I absolutely do not want to see TX, AZ, etc.  Then' we'll get alts with ATL, PHILA.  I am not a fan of postal codes and other abbreviations (especially on MLB hats if they get to be more than two letters). 

 

Using the nicknames and cities...I'm generally not a fan, but it makes more sense to me than interlocking a postal code.  I kinda like the "CA" above (and the short-lived version just before the "winged-A" disaster).  I'm not a fan of the "CR" in theory, but in practice it at least looks OK.  The "Motre Bame" hat is the only bad part of an otherwise great look from 1994-1999.  I thought that hat was awful.

 

There are a couple of midwestern quirks:

  • The BiG.  I know that's an "M" and a "B" but obviously, they designed a "clever" logo and while I don't like it as much as some do, I don't consider it bad that they had both letters on the hat, as they arrived at it in a different way.
  • The Twins "TC."  This is one of the most unique cap logos in baseball in that it doesn't include the city (state) name at all and from a literal standpoint, should not represent "Minnesota Twins." But part of its charm is that it's rooted in the confusion of how to handle the whole "Minneapolis/St.
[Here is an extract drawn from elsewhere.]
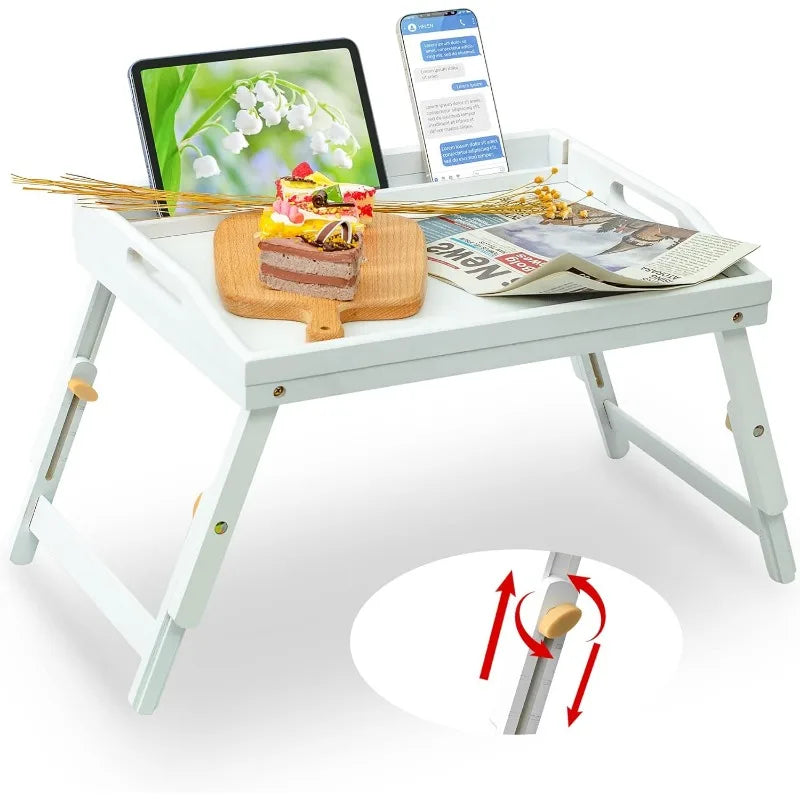 Bamboo Breakfast Food Table with Phone Tablet Holder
Paul" issue. The Twins were the first team in North American team sports to take the field with a non-city name.  Add to that that an "M" could have been seen as "Minneapolis" and not "St. Paul" and they ended up with a unique solution as the location of the "Twin Cities" is what prompted the whole mess to begin with.  Also...
    • I can't remember where I saw this...probably from someone here...I think they were considering calling themselves the Twin Cities Twins, which would have rendered that cap viable to the "city letter on the cap" norm.  But the American League did not sign on to that name (thankfully).  So they went with Minnesota but kept the hat.  If that's true, then that makes it an interesting story.

So, yeah, I kinda give my team a pass...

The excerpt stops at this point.